Namely, the Executive Board of the NBS adopted amendments to the Decision on the Classification of Bank Balance Sheet Assets and Off-balance Sheet Items and the Decision on Reporting Requirements for Banks, with the aim of improving the regulatory framework for the treatment of restructured receivables.

This way, the Bank encourages sustainable restructuring practices and prevents evergreening. The NBS Decisions have two fundamental consequences for the banking system and the entire financial market, estimates the director of the consulting company WM Equity Partners, Vladimir Pavlovic.

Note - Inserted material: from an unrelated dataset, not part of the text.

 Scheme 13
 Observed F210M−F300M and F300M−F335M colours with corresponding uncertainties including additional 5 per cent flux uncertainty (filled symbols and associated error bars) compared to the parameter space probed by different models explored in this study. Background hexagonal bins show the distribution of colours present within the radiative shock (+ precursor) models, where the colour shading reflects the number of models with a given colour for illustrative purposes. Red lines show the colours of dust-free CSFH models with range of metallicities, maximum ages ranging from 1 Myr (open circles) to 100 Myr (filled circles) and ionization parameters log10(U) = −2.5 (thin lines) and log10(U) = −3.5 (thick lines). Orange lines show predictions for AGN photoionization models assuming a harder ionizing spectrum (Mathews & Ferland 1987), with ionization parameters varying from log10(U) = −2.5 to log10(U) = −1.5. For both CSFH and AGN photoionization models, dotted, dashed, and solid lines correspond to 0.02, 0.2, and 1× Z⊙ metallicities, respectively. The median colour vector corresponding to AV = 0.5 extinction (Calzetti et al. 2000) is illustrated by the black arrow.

– First, the National Bank of Serbia has tightened the conditions under which commercial banks can improve the classification of problematic loans, which will in turn motivate commercial banks to sell their NPL portfolios, or at least put them in charge of their specialized companies for managing NPLs – says eKapija's interviewee.

Second, the experience of the past five years has shown that the banks which have sold their receivables or transferred them to their specialized companies for managing NPLs have fared much better than those which tried to resolve the issue internally. To clarify, the collection of problematic receivables requires great flexibility in cooperating with debtors and their potential partners, a vast array of potential measures (partial writeoffs, conversion into capital, acquiring ownership of securities...), and banks usually can't afford that kind of flexibility.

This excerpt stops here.